Top Ten Legislative Changes for 2018

Fri, 12/08/17
Dawn Ross

A number of key employment bills were signed into law by Governor Jerry Brown at the close of the 2016-2017 legislative session. The bills take effect January 1, 2018, unless noted otherwise. In addition, some prior legislation takes effect this year.  Here’s what you need to know about the top ten:

 1. Minimum Wage: While not a new law, this year brings the next step from the 2013 law that increased minimum wage over a period of years.  Beginning January 1, 2018, all hourly employees need to be paid at least $11.00/hr. ($10.50 for employers with 25 employees or less), and all salaried exempt employees need to be paid at least 2x minimum wage ($45,760/year for full time employees).  In addition, a number of California cities have their own, higher, minimum wage.  TO DO: Review and update your hourly rate, and check to make sure all your salaried employees are making at least 2x the new minimum hourly rate.

2. Ban the Box (Gov. Code §12952):  Section 12952 amends the California Fair Employment and Housing Act (FEHA), which prohibits an employer from engaging in various forms of discriminatory employment practices.  The amendment creates new state-wide restrictions on the use of criminal history in making hiring decisions.  It restricts public and private employers' ability to make pre-hire and other employment decisions based on an applicant's or employee's criminal history, including a "ban the box" element. The new law makes it unlawful for an employer with 5 or more employees:

  • to include on any application for employment any question that seeks the disclosure of an applicant’s conviction history;
  • to inquire into or consider the conviction history of an applicant, including any inquiry about conviction history on an employment application, until after the employer has made a conditional offer of employment; and
  • to consider, distribute, or disseminate information related to specified prior arrests not followed by conviction, referral to or participation in a diversion program, and convictions that are sealed, dismissed, expunged or statutorily eradicated .

Employers who intend to deny a position of employment solely or in part because of an applicant’s conviction history must make an individualized assessment of whether the applicant’s conviction history has a direct and adverse relationship with the specific duties of the job that justify denying the applicant the position, including: i) the nature and gravity of the offense or conduct; ii) the time that has passed since the offense or conduct and completion of the sentence; and iii) the nature of the job held or sought.  The employer must then provide the applicant with written notification of the decision under a specified procedure, including a right to respond.  TO DO: Delete questions about “have you ever been convicted of a felony” from your job applications and interview outlines.

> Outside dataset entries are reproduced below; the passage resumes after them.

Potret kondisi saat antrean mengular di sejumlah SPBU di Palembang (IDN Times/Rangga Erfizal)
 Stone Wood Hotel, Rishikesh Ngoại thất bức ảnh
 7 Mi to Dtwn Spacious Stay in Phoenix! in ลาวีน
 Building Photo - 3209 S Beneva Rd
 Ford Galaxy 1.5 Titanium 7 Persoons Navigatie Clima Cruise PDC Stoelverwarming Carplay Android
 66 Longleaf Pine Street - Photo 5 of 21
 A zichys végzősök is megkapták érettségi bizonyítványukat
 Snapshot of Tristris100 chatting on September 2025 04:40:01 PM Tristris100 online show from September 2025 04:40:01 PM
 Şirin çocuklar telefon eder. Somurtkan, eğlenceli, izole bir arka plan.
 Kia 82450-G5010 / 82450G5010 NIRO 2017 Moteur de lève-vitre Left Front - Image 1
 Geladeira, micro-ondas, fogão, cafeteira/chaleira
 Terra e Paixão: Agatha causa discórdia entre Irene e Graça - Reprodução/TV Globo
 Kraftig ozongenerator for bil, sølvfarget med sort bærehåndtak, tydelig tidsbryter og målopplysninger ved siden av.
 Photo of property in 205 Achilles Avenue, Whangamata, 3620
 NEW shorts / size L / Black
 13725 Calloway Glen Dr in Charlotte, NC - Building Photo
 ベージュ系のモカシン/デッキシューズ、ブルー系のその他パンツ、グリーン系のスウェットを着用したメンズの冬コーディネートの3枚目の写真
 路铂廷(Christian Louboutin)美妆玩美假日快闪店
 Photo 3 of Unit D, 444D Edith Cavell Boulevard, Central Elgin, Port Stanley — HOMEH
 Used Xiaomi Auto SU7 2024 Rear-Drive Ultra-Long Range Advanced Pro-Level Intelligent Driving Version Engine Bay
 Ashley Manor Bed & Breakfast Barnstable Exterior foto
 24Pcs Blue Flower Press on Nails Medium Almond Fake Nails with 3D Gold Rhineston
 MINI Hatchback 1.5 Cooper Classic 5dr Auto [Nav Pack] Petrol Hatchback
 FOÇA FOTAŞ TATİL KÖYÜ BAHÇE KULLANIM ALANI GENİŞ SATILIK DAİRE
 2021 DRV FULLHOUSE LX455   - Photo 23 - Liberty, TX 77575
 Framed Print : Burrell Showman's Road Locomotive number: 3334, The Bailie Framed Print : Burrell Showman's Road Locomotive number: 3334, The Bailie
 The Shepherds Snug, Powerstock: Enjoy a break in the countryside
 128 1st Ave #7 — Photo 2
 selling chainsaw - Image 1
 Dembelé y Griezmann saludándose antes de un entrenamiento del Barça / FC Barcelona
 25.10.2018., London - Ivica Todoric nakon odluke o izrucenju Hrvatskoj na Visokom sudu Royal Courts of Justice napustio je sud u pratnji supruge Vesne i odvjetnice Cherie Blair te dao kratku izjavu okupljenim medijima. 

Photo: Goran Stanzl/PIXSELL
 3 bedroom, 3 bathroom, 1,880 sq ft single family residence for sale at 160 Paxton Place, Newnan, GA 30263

 3. Salary History Inquiries are Prohibited (Labor Code §432.3): Newly enacted Section 432.3 prohibits employers, including state and local governments, from seeking an applicant's salary history information and/or relying on salary history in deciding whether to offer employment, or what salary to offer an applicant. The bill does not prohibit an applicant from voluntarily, and without prompting, disclosing salary history information, or prohibit an employer from considering or relying on voluntarily disclosed salary information (which seems contradictory).  But remember that Labor Code §1197.5 already prohibits an employer from using an applicant’s salary history, by itself, to justify a pay disparity.  The new statute is intended to narrow the gender (and race) wage gap by preventing employers from relying on an applicant's prior salary, compensation, and benefits as factors in determining whether to offer employment or what salary to offer. This new law also requires employers to provide the position's pay scale to applicants upon reasonable request.  TO DO: Delete questions regarding salary history from your job applications and interview outlines.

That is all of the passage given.